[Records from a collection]
- - -
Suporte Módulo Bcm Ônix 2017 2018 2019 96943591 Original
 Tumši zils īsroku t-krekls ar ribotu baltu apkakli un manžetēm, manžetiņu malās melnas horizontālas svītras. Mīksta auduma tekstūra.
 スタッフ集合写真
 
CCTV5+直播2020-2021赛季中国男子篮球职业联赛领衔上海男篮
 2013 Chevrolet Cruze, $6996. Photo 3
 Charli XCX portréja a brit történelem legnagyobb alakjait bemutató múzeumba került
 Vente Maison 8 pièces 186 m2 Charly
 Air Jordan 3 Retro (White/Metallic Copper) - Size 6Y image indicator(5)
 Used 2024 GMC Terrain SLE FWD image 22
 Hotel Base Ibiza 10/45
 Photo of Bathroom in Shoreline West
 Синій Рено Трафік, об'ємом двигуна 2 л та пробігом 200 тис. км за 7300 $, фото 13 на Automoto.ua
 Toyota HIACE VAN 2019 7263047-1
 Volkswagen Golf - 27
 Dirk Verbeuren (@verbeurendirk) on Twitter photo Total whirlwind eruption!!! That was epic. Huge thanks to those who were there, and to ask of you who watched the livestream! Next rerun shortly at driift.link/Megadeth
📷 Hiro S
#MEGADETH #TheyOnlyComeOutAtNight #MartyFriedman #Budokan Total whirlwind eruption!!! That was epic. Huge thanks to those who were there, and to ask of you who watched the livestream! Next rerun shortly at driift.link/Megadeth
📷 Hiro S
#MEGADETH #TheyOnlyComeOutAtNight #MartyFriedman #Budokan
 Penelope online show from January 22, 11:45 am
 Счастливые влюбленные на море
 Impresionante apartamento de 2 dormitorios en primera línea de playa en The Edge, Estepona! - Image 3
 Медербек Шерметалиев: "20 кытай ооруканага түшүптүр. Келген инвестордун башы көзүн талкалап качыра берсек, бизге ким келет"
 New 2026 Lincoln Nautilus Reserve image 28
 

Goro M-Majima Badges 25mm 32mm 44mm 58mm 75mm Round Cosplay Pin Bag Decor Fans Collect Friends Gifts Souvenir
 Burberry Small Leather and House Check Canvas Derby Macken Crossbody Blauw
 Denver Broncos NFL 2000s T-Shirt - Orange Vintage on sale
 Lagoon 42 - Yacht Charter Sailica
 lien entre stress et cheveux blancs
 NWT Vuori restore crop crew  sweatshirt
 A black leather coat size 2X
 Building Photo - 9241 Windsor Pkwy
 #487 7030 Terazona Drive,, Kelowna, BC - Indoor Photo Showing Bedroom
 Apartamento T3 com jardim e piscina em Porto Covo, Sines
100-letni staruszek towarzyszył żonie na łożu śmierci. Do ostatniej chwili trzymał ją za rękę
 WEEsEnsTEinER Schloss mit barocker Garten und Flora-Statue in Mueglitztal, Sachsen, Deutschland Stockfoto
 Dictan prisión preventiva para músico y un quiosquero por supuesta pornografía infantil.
- - -
▶ [Task description]
What is the number of lines in the records that hold the word "thanks"? Answer with that number only.

▶ [Result of the task]
2